■ **Material for this exercise**:
# # # # # # #

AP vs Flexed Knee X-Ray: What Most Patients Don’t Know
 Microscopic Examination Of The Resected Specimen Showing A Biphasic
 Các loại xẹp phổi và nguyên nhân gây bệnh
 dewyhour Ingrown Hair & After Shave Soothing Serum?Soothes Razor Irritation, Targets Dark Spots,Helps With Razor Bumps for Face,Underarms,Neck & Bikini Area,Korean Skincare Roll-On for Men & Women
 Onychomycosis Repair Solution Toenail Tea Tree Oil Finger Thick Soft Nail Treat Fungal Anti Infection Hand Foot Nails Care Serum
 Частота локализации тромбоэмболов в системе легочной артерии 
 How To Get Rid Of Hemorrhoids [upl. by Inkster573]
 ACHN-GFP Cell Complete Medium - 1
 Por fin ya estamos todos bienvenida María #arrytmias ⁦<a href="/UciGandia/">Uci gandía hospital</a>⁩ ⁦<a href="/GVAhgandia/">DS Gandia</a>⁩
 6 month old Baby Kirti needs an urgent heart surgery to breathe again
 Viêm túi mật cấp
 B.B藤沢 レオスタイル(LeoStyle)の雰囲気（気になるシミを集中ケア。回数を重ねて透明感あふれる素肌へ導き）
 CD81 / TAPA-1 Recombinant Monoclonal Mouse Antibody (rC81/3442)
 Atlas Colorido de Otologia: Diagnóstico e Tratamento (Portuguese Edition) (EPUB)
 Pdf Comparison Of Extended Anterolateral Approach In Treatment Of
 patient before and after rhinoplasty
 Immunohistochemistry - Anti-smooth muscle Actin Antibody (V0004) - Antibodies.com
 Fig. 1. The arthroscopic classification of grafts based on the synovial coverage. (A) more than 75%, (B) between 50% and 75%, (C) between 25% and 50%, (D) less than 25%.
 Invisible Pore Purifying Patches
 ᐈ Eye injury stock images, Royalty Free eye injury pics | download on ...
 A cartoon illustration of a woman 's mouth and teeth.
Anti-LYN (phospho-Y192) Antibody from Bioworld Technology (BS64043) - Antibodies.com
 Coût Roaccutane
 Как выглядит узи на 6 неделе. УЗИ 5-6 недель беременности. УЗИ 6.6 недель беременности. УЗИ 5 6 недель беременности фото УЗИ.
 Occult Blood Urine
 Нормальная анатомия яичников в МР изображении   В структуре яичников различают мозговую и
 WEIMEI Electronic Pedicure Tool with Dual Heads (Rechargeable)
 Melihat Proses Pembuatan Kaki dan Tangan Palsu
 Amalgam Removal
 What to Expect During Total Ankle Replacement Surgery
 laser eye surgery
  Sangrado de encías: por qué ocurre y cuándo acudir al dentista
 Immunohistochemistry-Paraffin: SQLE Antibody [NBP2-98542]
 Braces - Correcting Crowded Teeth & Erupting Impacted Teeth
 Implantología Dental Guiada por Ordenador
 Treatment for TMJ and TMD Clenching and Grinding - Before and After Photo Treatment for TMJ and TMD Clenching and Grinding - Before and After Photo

# # # # # # #

Both the line containing "A cartoon illustration" and the line containing "Occult Blood Urine" belong in the answer. Print them and every line above that falls between them exactly, and no others.

■ **Solution to this problem**:
 A cartoon illustration of a woman 's mouth and teeth.
Anti-LYN (phospho-Y192) Antibody from Bioworld Technology (BS64043) - Antibodies.com
 Coût Roaccutane
 Как выглядит узи на 6 неделе. УЗИ 5-6 недель беременности. УЗИ 6.6 недель беременности. УЗИ 5 6 недель беременности фото УЗИ.
 Occult Blood Urine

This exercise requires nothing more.